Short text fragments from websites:
━━━━━━━━━━
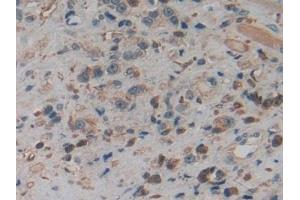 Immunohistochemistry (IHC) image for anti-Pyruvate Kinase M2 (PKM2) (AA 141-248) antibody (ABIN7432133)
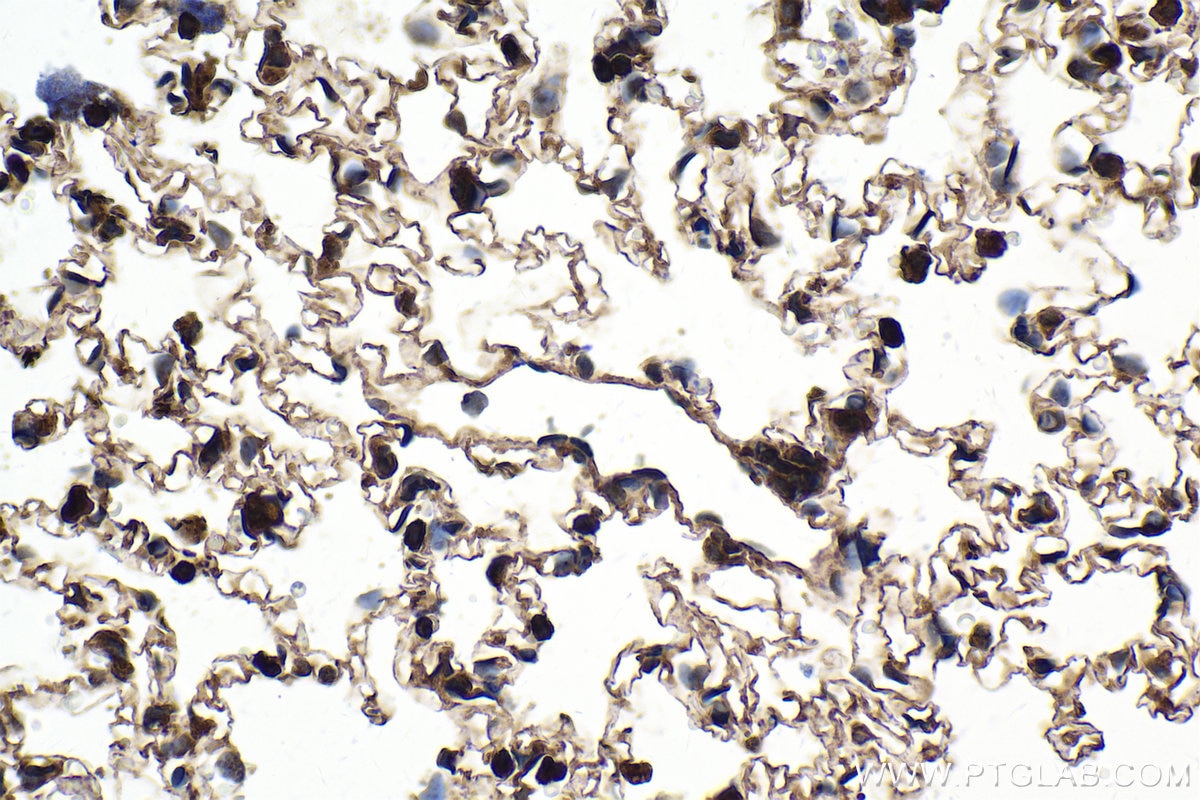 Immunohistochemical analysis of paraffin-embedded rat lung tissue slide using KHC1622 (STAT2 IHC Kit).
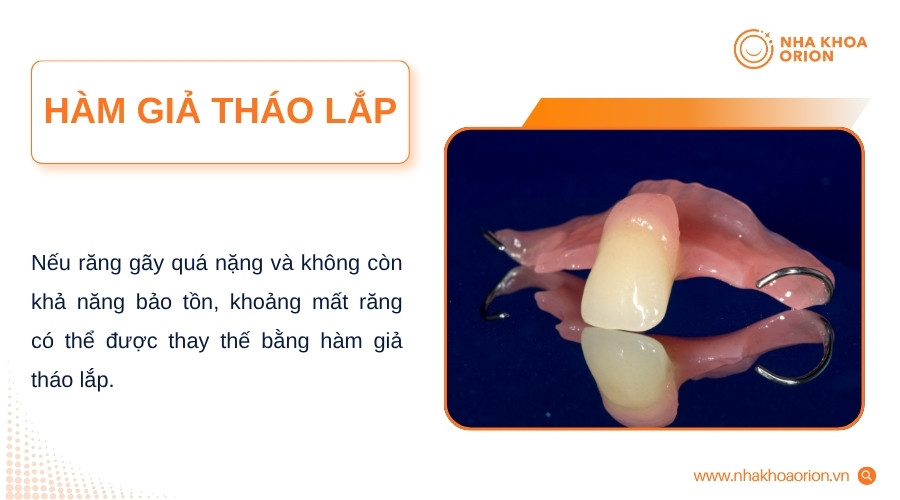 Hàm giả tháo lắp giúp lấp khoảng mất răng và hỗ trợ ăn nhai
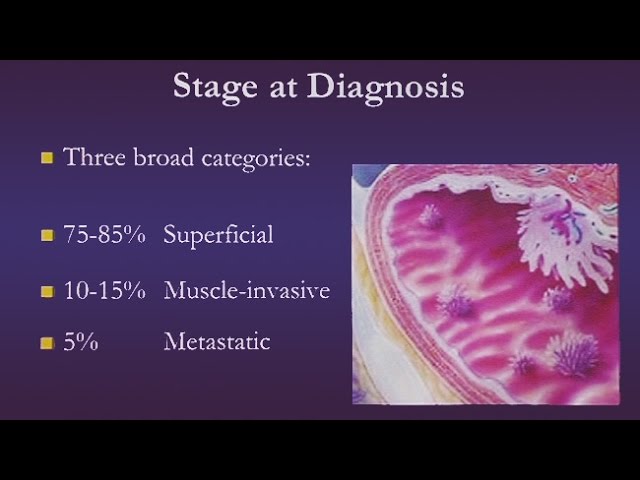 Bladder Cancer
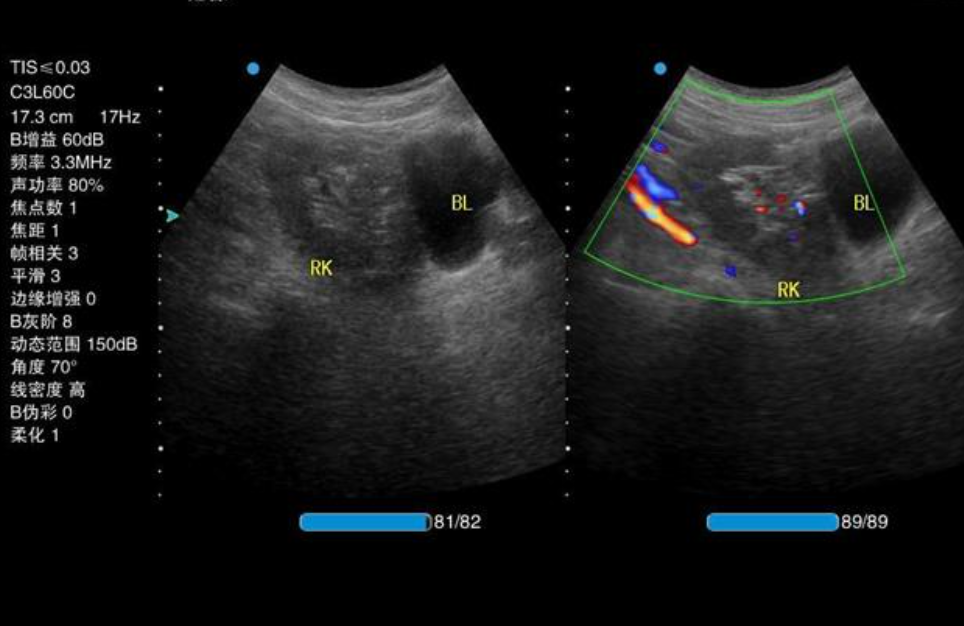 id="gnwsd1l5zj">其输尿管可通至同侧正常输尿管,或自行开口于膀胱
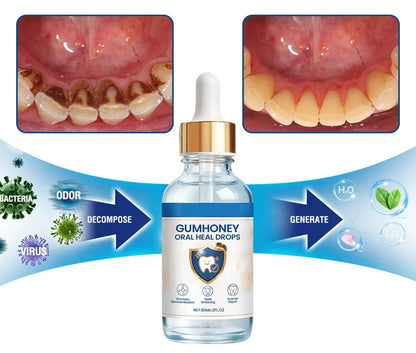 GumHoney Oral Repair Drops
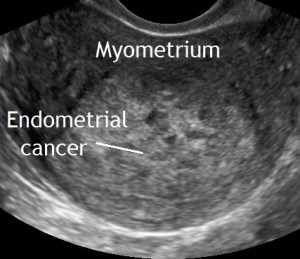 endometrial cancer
━━━━━━━━━━
§ What is needed
Please transcribe exactly the lines from the one that contains "Bladder Cancer" through the closing line of the entries, with no pictures.

§ Result below
 Bladder Cancer
 id="gnwsd1l5zj">其输尿管可通至同侧正常输尿管,或自行开口于膀胱
 GumHoney Oral Repair Drops
 endometrial cancer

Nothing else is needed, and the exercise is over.